* _Exercise details_
Restate exactly the lines below, from the one containing "Custom Kazakhstan Football" through the final line, and leave out the pictures.

* _Information supplied_
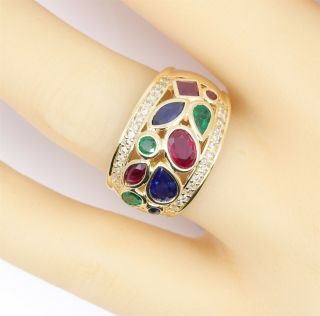 Effy 2.  60 Ctw 14k Ruby Sapphire Emerald & Diamond Ring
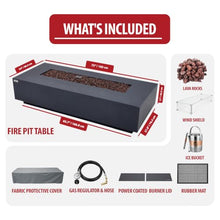 AMS 72" Rectangular Concrete Natural Gas Fire Pit Table Bundle - Dark Gray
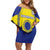 Custom Kazakhstan Football Off Shoulder Short Dress Go The Hawks - Wonder Print Shop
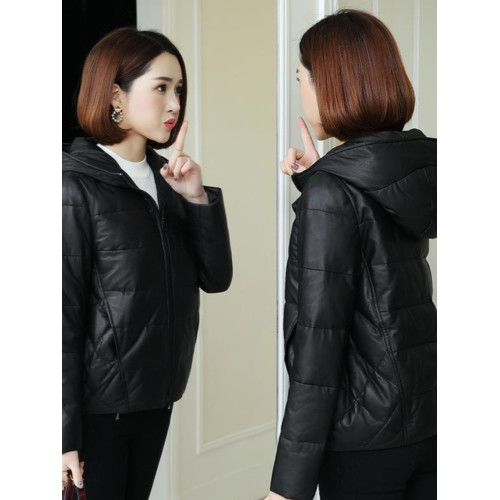 2025冬季新款羽絨棉服女短款韓版寬松加厚連帽pu皮衣小個子外套潮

* _Written answer_
 Custom Kazakhstan Football Off Shoulder Short Dress Go The Hawks - Wonder Print Shop
 2025冬季新款羽絨棉服女短款韓版寬松加厚連帽pu皮衣小個子外套潮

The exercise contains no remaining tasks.